Munda Race and Kerala People

The Munda people belong to the Australoid race and speak a family of languages called the Munda family:  Korku, Santali, Mundari, Kharia, Saora, Parengi, Gutob, Bonda, and Didey.  Today they live in the Chotanagpur geo-graphical region of Eastern India though once they occupied the whole of India, that is, before the arrival of Dravidians and Aryans.  A comparative study of Malayalam, the language of Keralites, and the Munda languages that I have done shows the presence of a large number of Munda words in Malayalam.  Physical and cultural anthropology shows significant similarities between Keralites and Mundas.  A comparative study of Munda and Kerala folklore suggests also numerous similarities.

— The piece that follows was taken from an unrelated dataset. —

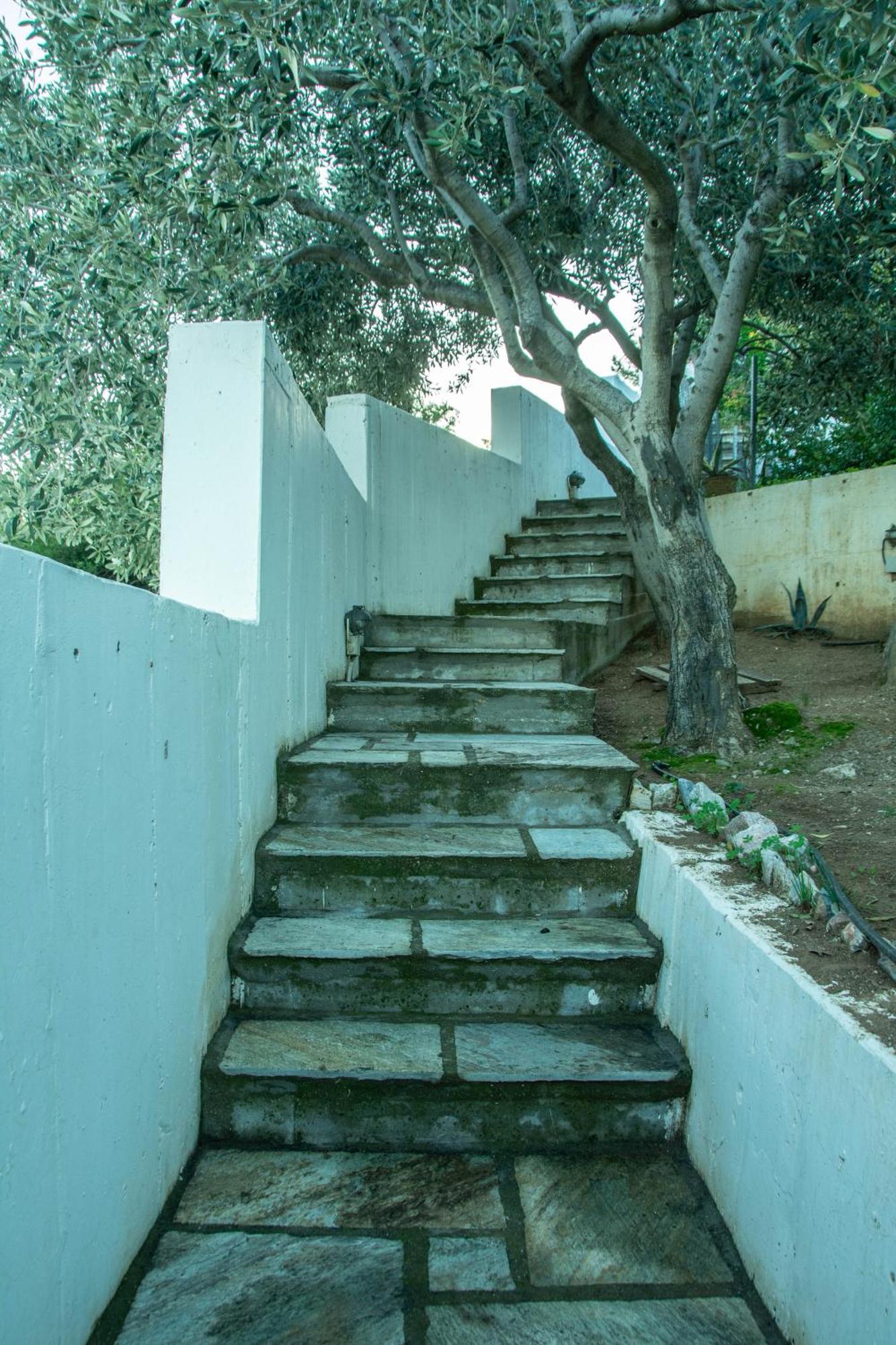Maya'S Home Δασκαλειό Εξωτερικό φωτογραφία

According to tribal folk traditions, the people of Kerala originally came from the east of the western Gnats through gaps like Palghat, Thamarasserri, and Aramboli.  They were known then as Cheras (meaning "men").  Already by the time of Emperor Ashoka, they were settled down south of the Mauryan Empire. But the Cheras, according to their traditions, came from the Chotanagpur region where they lived among other Mundas and spoke Munda languages.  There is still a formerly Munda ethnic group southeast of Gorakhpur who are called "Cheras"; today these Cheras speak Indo-European languages as a result of large-scale assimilation with the Aryan immigrants.  Members of this Munda-Chera tribe gradually moved south to Tamil Nadu carrying with them their Munda language and megalith tradition.

Having settled down in Tamil Nadu for hundreds of years since 500 B.C., they accepted Dravidian as their spoken language while retaining many Munda words in their speech which later came to be known as Malayalam.  During the political upheavals in the eastern plains among the Pandyas, Cholas, Pallavas, and Rashtrakutas, during the long period between the fourth and eighth century A.D., thousands of Cheras and related tribes fled west across the Western Ghats and settled down in different parts of Kerala.  It is these Munda-Chera immigrants who left most of the megaliths all along their travel route.  Thus, I notice a Munda substratum in the Malayalam language and a Munda streak in Keralites' racial features and cultural heritage.